Top of DATA EXCERPT

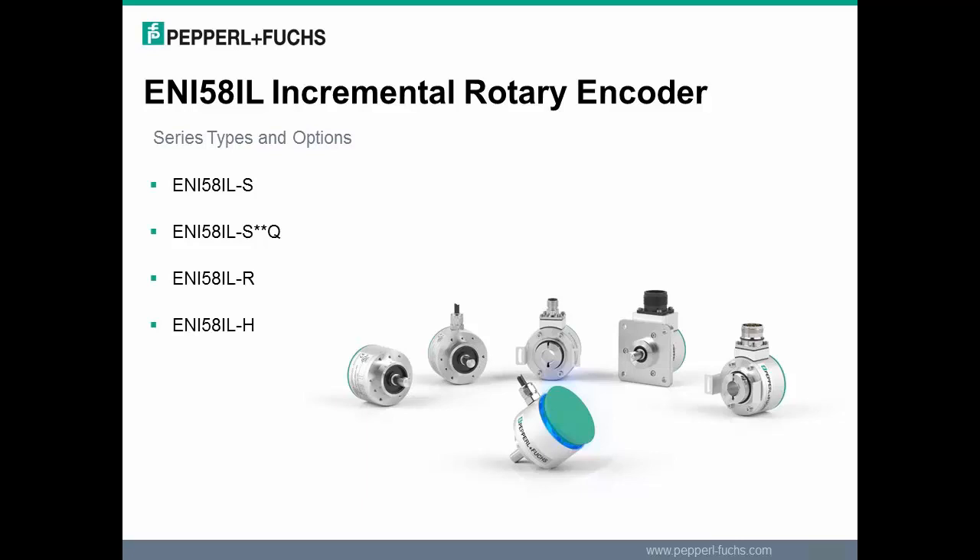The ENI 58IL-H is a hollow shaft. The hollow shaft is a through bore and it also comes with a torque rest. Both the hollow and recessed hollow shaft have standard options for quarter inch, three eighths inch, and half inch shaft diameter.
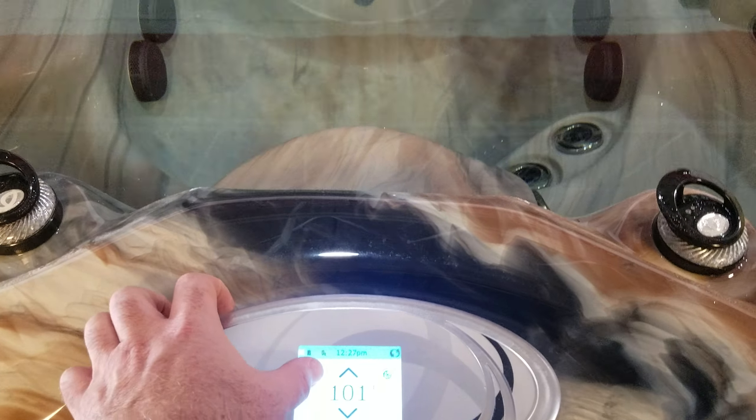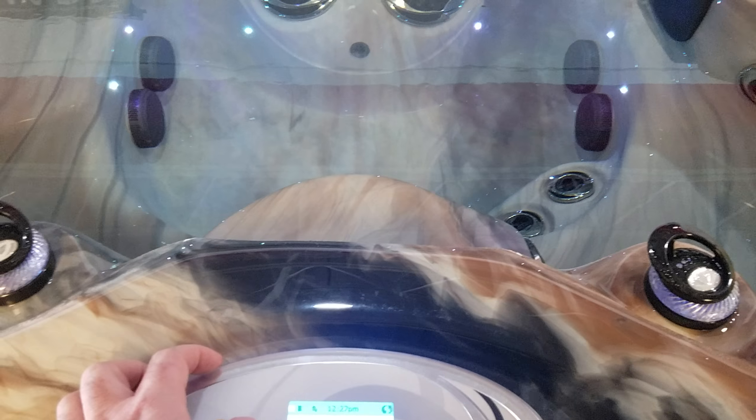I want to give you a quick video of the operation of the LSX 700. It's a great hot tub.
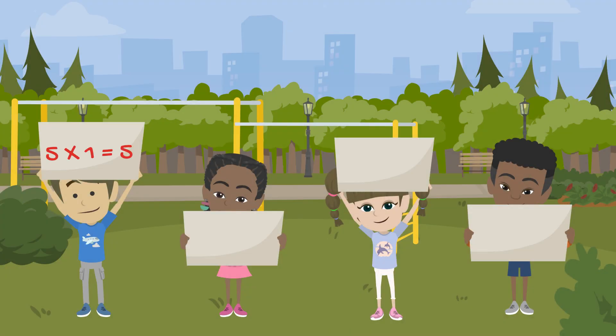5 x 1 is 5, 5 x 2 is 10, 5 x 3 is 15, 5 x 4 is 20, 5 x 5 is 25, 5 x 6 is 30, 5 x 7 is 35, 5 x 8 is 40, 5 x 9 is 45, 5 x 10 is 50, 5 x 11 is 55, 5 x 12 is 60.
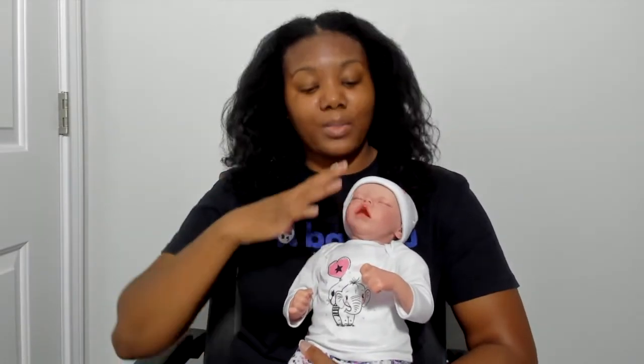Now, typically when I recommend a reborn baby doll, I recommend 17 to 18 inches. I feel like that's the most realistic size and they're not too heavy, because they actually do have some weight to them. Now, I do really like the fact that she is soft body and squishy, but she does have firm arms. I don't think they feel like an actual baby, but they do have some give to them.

Bottom of DATA EXCERPT

Take the listing above and restate it word for word, without its pictures.

§ **WRITTEN ANSWER**:
The ENI 58IL-H is a hollow shaft. The hollow shaft is a through bore and it also comes with a torque rest. Both the hollow and recessed hollow shaft have standard options for quarter inch, three eighths inch, and half inch shaft diameter.
I want to give you a quick video of the operation of the LSX 700. It's a great hot tub.
5 x 1 is 5, 5 x 2 is 10, 5 x 3 is 15, 5 x 4 is 20, 5 x 5 is 25, 5 x 6 is 30, 5 x 7 is 35, 5 x 8 is 40, 5 x 9 is 45, 5 x 10 is 50, 5 x 11 is 55, 5 x 12 is 60.
Now, typically when I recommend a reborn baby doll, I recommend 17 to 18 inches. I feel like that's the most realistic size and they're not too heavy, because they actually do have some weight to them. Now, I do really like the fact that she is soft body and squishy, but she does have firm arms. I don't think they feel like an actual baby, but they do have some give to them.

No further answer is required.